I’d like to say I got the setup right the third time, but I didn’t, though I think it helped me understand better why groups are so deeply buried in Home’s UI. I had forgotten that after a group is set up, its component accessories are no longer available in Home’s UI. This makes sense if you have a lamp with two bulbs in it that you always want to come on at the same time and behave in the same way, but it’s a limitation that greatly reduces the utility of groups because it means the individual accessories that make up a group cannot be added separately to scenes. I backed out of the partially built scene realizing that I had to reconfigure my group.
The solution was to ungroup my desk lamp from the rest of my lights in the studio and set up a scene that turns the desk lamp red and a workflow that triggers that scene when the back door opens. The trouble is, scenes have a very limited concept of state so my lamp can’t be toggled back to its prior color using an automation workflow or by toggling the scene manually.
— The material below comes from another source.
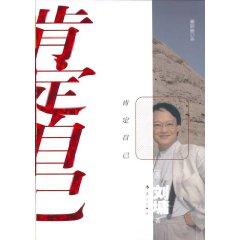 Seller image for confirm their [paperback](Chinese Edition) for sale by liu xing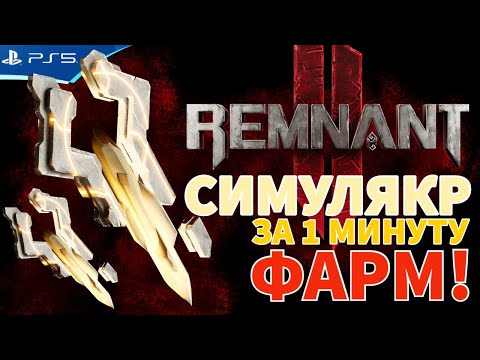 Видео: СИМУЛЯКР - Фарм за 1 минуту - Дом Морроу - Лосом - REMNANT 2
I could add a timer to the automation to turn the desk lamp off after a certain amount of time, but I don’t want to turn off the light, I want to turn off the scene, and you cannot attach timers to scenes. Instead, I needed another scene to return the desk lamp to its original settings.
You probably get the point by now. Home is both too complex because of the way it splits things into rooms, zones, groups, scenes, and automations and too simple because it lacks features like robust state awareness and, in some places, timers. However, the problems with the Home app run even deeper. They are compounded by a generic UI and complex navigation.